| Problem details |
The answer must be the lines from the one that holds "Cihan Çiçekçilik Yapay" through the final line of the data, copied exactly, with no pictures.

| Data supplied |
════════
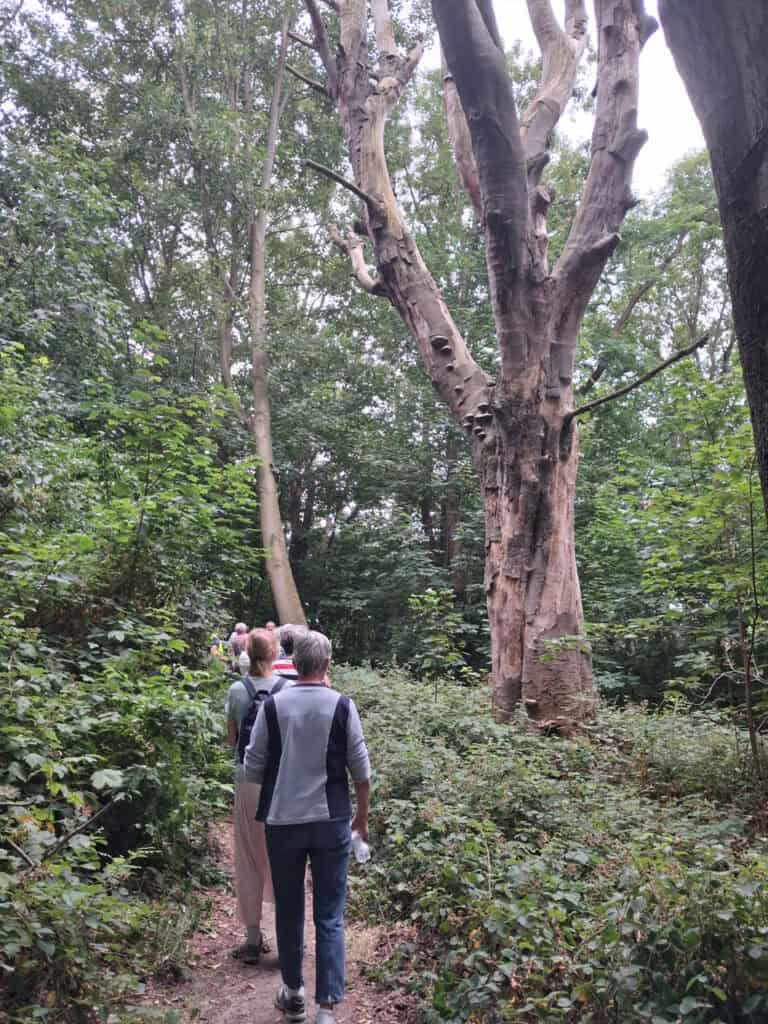 Wandelgroep door bos op 't Gelders Eiland met grote oude boom.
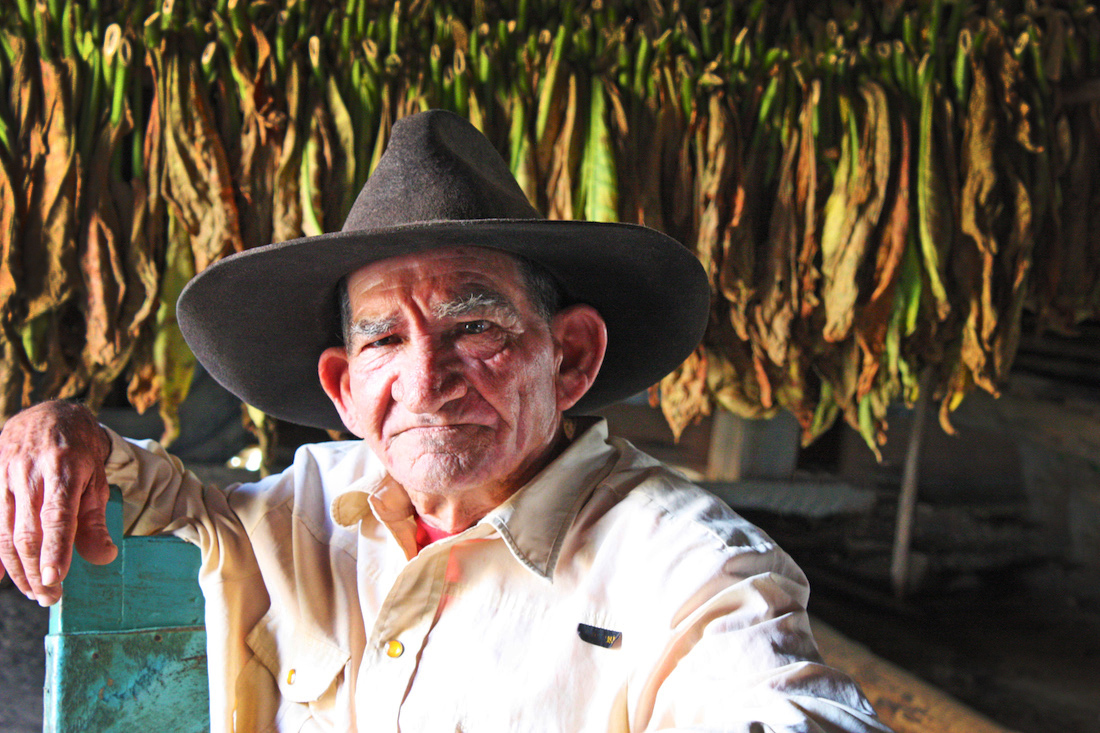 Cigar Roller in Viñales, Cuba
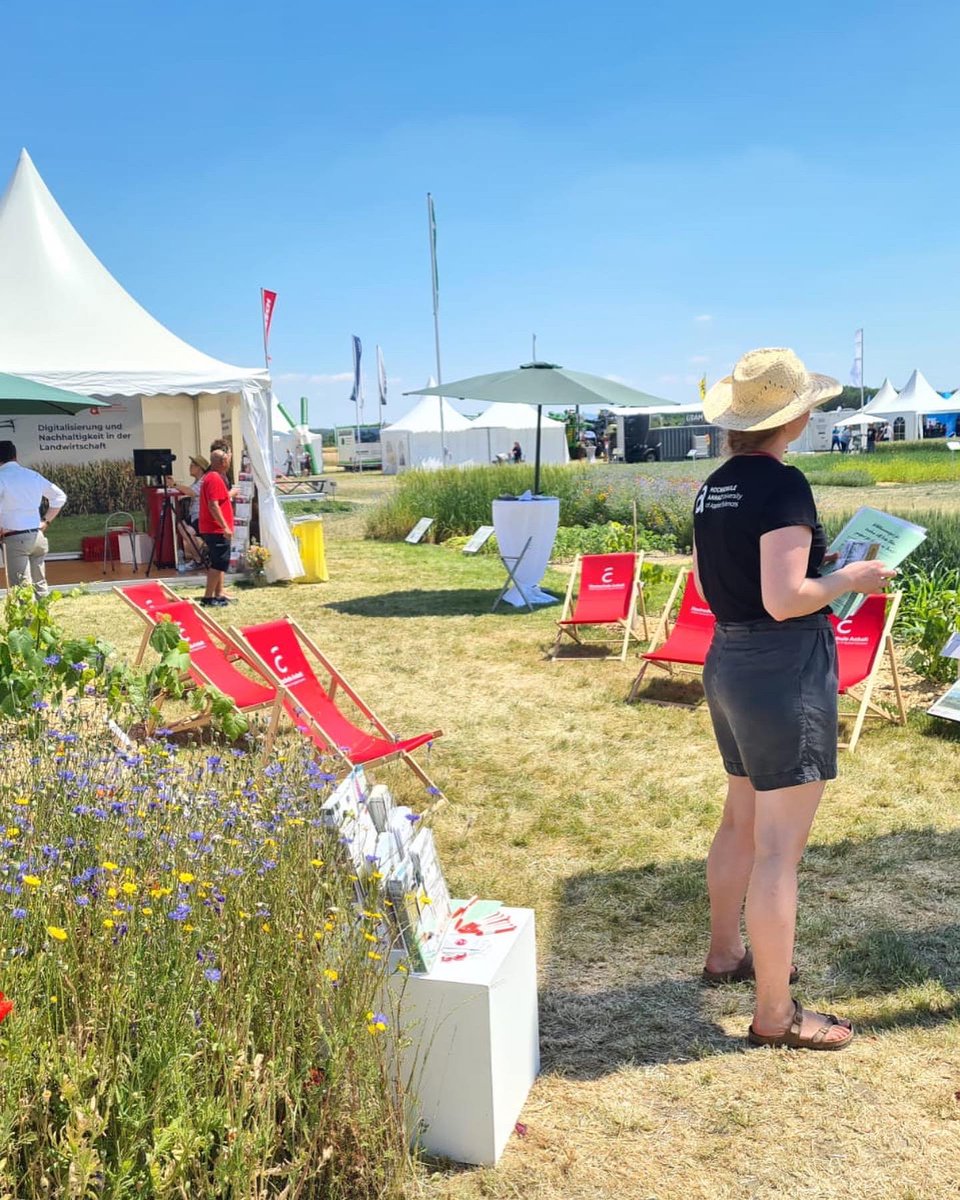 offenlandinfo tweet media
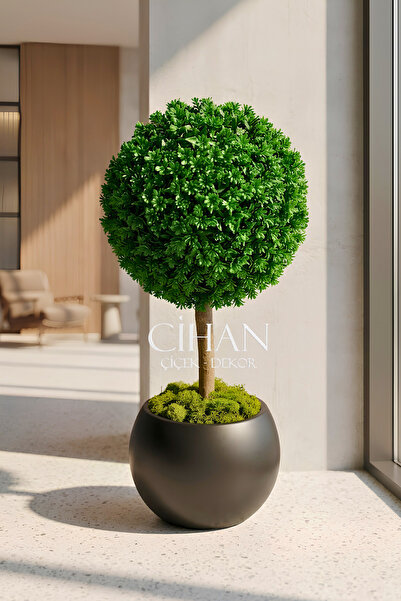 Cihan Çiçekçilik Yapay UV Dayanımlı Şimşir Top Ağacı 100 cm (45 cm Çap) 27x33...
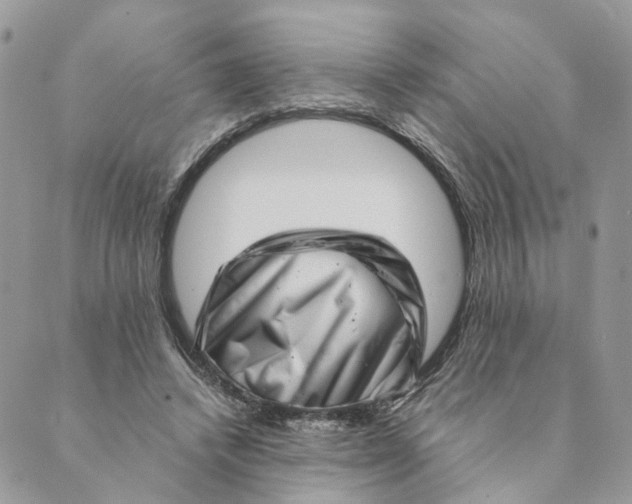 X0000088890448200706291444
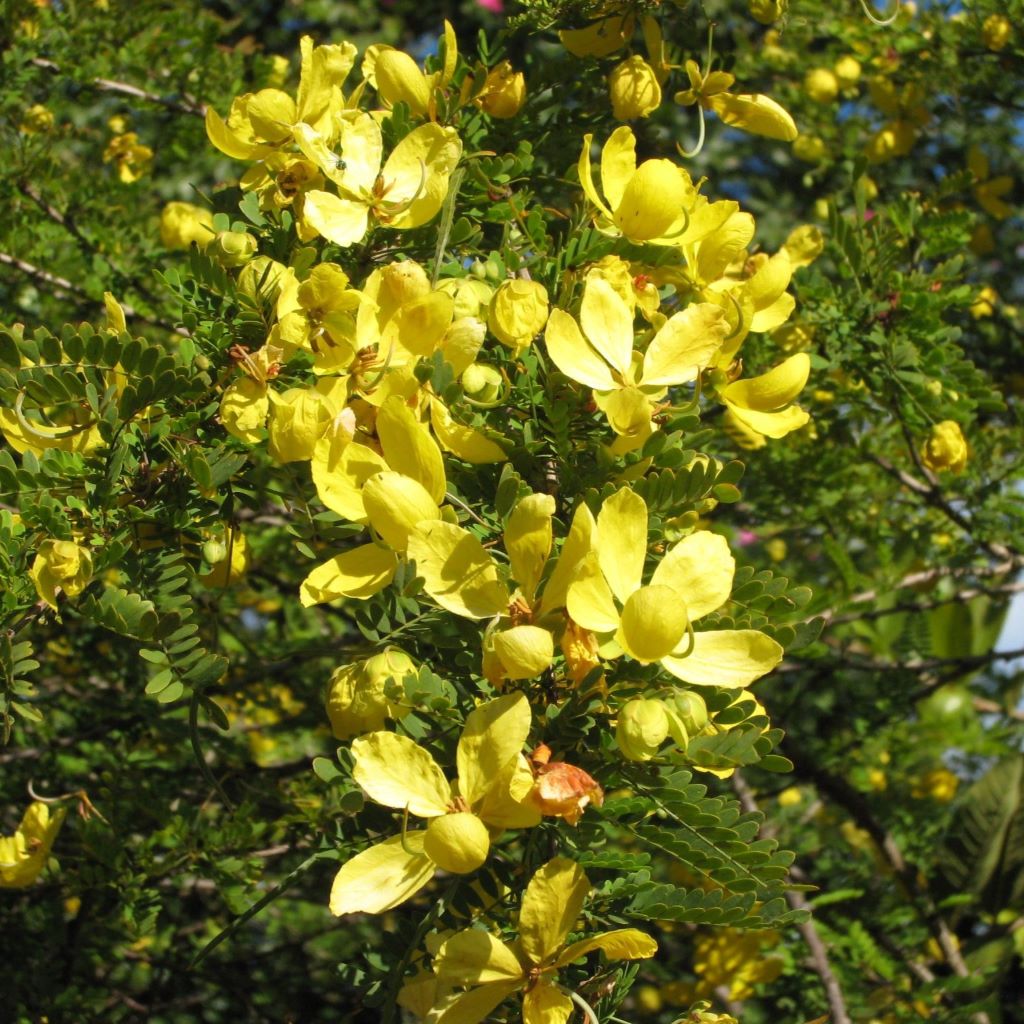 Senna Polyphylla Plant - myBageecha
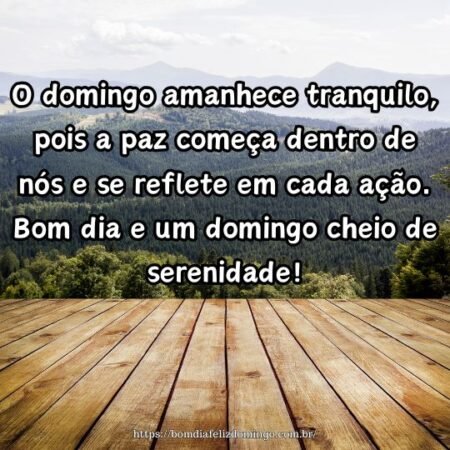 O domingo amanhece tranquilo, pois a paz começa dentro de nós e se reflete em cada ação. Bom dia e um domingo cheio de serenidade!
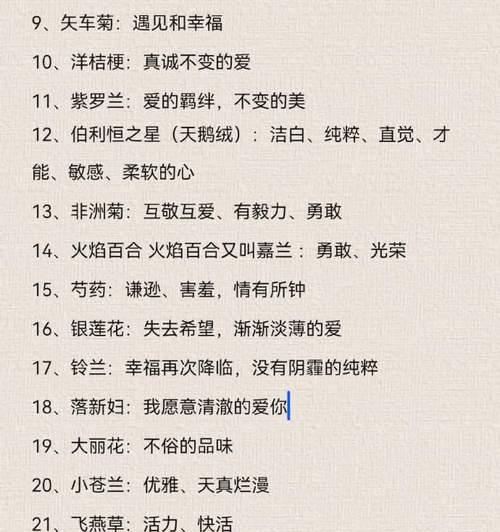 红玫瑰花的花语是什么？如何正确表达爱意？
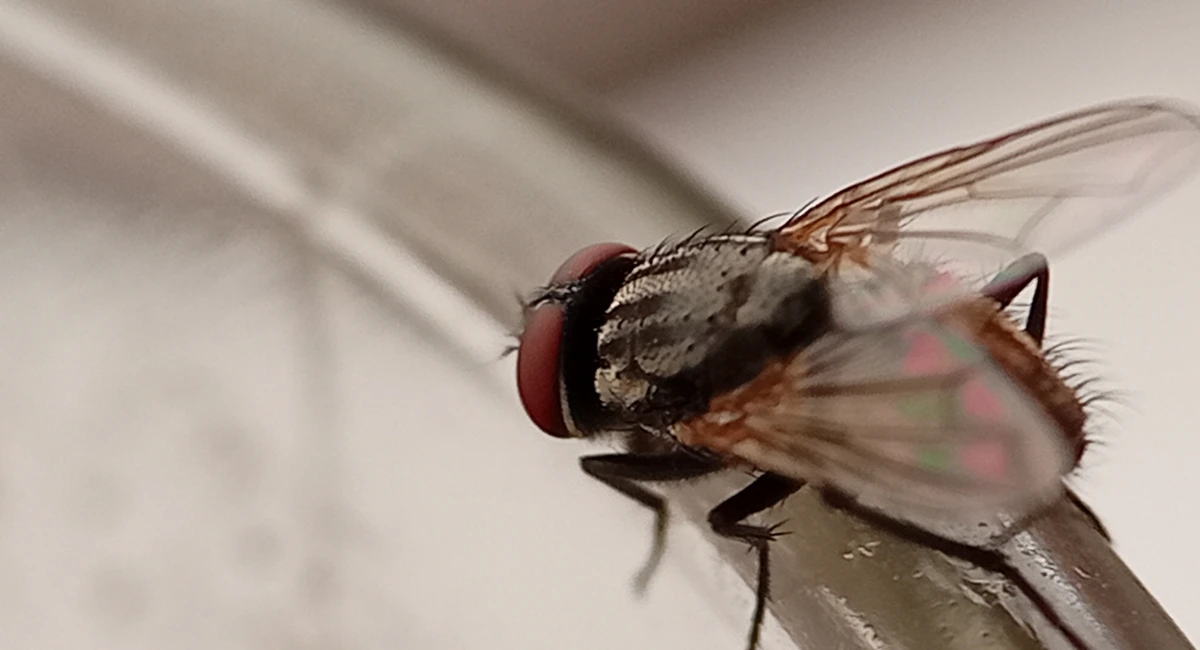 adult-house-fly-of-the-species-musca-domestica-royalty-free-image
════════
| Task response |
 Cihan Çiçekçilik Yapay UV Dayanımlı Şimşir Top Ağacı 100 cm (45 cm Çap) 27x33...
 X0000088890448200706291444
 Senna Polyphylla Plant - myBageecha
 O domingo amanhece tranquilo, pois a paz começa dentro de nós e se reflete em cada ação. Bom dia e um domingo cheio de serenidade!
 红玫瑰花的花语是什么？如何正确表达爱意？
 adult-house-fly-of-the-species-musca-domestica-royalty-free-image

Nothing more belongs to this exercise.